• **TASK DESCRIPTION**:
Please print the entries below exactly, from the line with "Its Good To Be Irish Custom Flyer" through the line with "Messmer 209012 - Генератор vvparts.bg", including both of those lines and leaving out all others.

• **RECORD EXCERPTS**:
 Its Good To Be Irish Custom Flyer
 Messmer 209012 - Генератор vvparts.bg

* * *

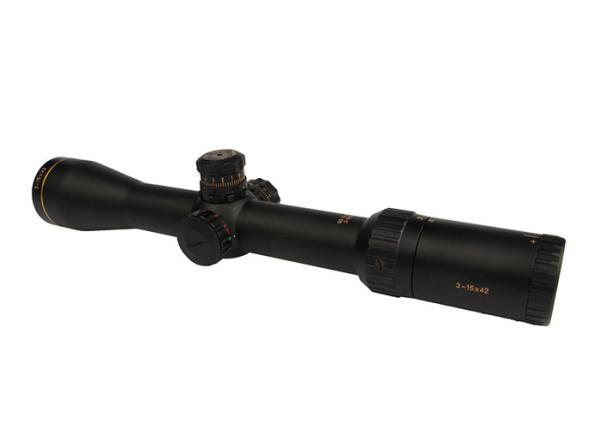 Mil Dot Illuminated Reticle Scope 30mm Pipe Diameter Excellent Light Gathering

• **RESPONSE**:
 Its Good To Be Irish Custom Flyer
 Messmer 209012 - Генератор vvparts.bg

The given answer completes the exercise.